Inquiries into mainstream culture's representations of otherness are of key relevance for an academic field like literary and cultural studies, whose principal claims are based on the idea that culture has an all-encompassing influence on identity formation, both collective and individual, and that, consequently, our identities and our sense of self do not come from inside ourselves so much as from a pre-existing culture that determines intelligible ways of living, while it disciplines allegedly unintelligible ones. In other words, it is through cultural representations – and thus largely through novels, plays, and movies, etc. - that we learn what it means to be different in a normative culture. And paradoxical as it may sound, when it comes to sexual difference, this learning process was, up until the end of the twentieth century, largely informed by misrepresentation, or even non-representation, as the vigilant influence of censorship and anti-gay legislation banned examples of queer life and queer role models to a space of virtual invisibility: the closet.

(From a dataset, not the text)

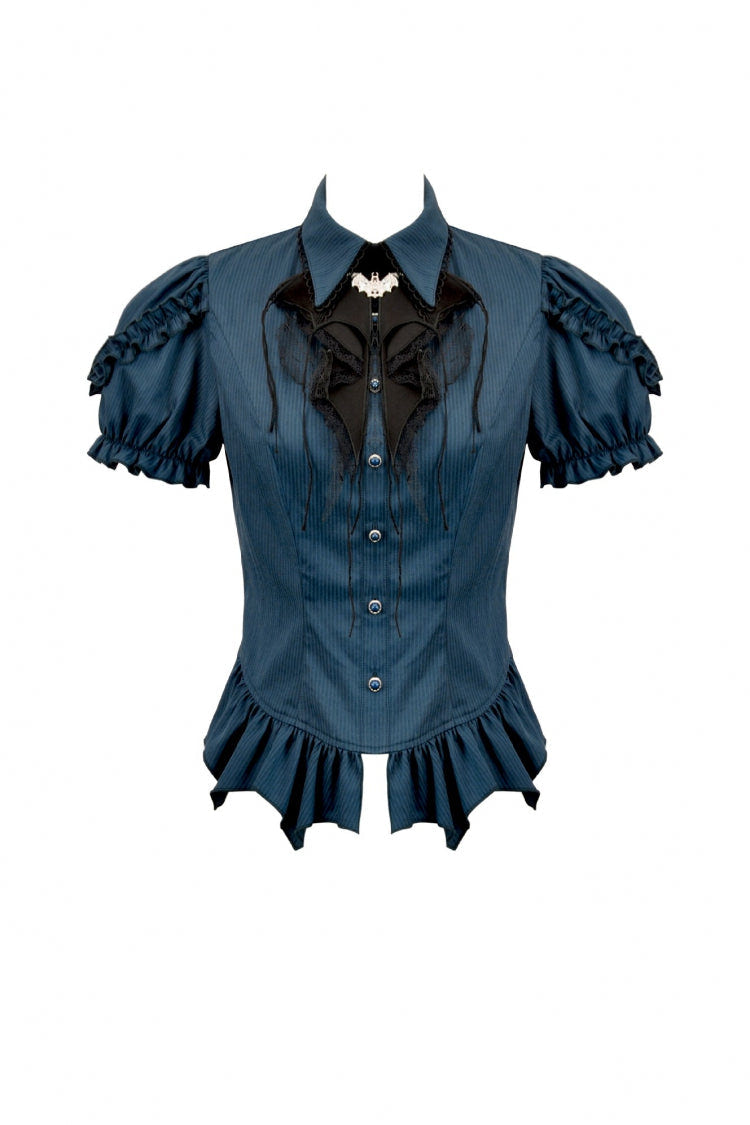 Blue Pinstripe Point Collar Short Puff Sleeves Women's Gothic Blouse with Detachable Bat Bow Tie - Product - 3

While the Lord Chamberlain's Office and the BBFC (British Board of Film Censors) monitored Britain's theatres and her film industry closely, the Motion Picture Production Code, or Hays Code, meticulously classified a number of violations, including "sex perversion" and other allegedly undesirable contents, deemed inappropriate or even offensive in classical Hollywood cinema. Unsurprisingly, these institutions took ample liberties to rewrite, distort, or even delete material in order to render queer life, or at least positive images of queer life, invisible. As a result, any kind of (positive self-) identification with queer cultural role models was obliterated.
And yet, writing under the influence of censorship and anti-gay legislation allowed many nineteenth- and twentieth-century novelists, playwrights, and filmmakers to develop and explore the numerous subtle ways by which "unspeakable" lesbian and gay subtexts could be communicated and placed in a text. Bargaining on the deep gulf between queer knowledge and heteronormative incomprehension (and thus on the truism that 'it takes one to know one'), these artists made use of various genres (Victorian gothic; horror; film noir; seafaring tales; westerns; musicals; boarding school dramas; etc.), various stock characters (the double; the 'handsome sailor'; the 'apparitional' lesbian; the femme fatale; the tomboy; the 'artistic' teenager; etc.), and various modes of performativity (camp; parody; pastiche; intertextuality; etc.) to undermine the regimes of censorship and to render queer characters visible – at least between the lines. In order to analyse the management of (non-) knowledge and compulsory (in-)comprehension that govern the open-secret structures of the closet, we are going to take a closer look at the contexts and the specific formal and function designs of R.L. Stevenson's Victorian gothic novel Strange Case of Dr Jekyll and Mr Hyde, Herman Melville's seafaring tale Billy Budd, Sailor, Alfred Hitchcock's film noir classic Rebecca (based on the eponymous novel by Daphne du Maurier); David Butler's western musical Calamity Jane (starring Doris Day); and Peter Weir's boarding school film Dead Poets Society. In addition, the documentary film The Celluloid Closet (based on Vito Russo's pioneering study of the same title) will provide as with a historical overview of the representation of homosexuality in the movies. So please read and watch the following
PRIMARY TEXTS (Mandatory Texts)
Novellas:
Stevenson, Robert Louis. 1886. Strange Case of Dr Jekyll and Mr Hyde and Other Tales. Oxford: OUP, 2008. Print.
Melville, Herman. 1924 [1891]. Billy Budd, Sailor and Selected Tales. Oxford: OUP, 2009. Print.
Documentary Features:
The Celluloid Closet. [dt. Gefangen in der Traumfabrik.] Dir. Rob Epstein and Jeffrey Friedman. HBO, 1995. Pro Fun Media, 2004.
Movies:
Rebecca. Dir. Alfred Hitchcock. Perf. Joan Fontaine, Laurence Olivier, Judith Anderson. United Artists, 1940. Alfred Hitchcock Collection. Great Movies, 2015. DVD.
Calamity Jane. [dt. Schwere Colts in Zarter Hand.] Dir. David Butler. Perf. Doris Day and Howard Keel. Warner Bros., 1953. Warner Home Video, 2020. DVD.
Dead Poets Society. [dt. Der Club der toten Dichter.] Dir. Peter Weir. Perf. Robin Williams, Robert Sean Leonard, Ethan Hawke. Touchstone, 1989. Disney Home Entertainment, 2002. DVD.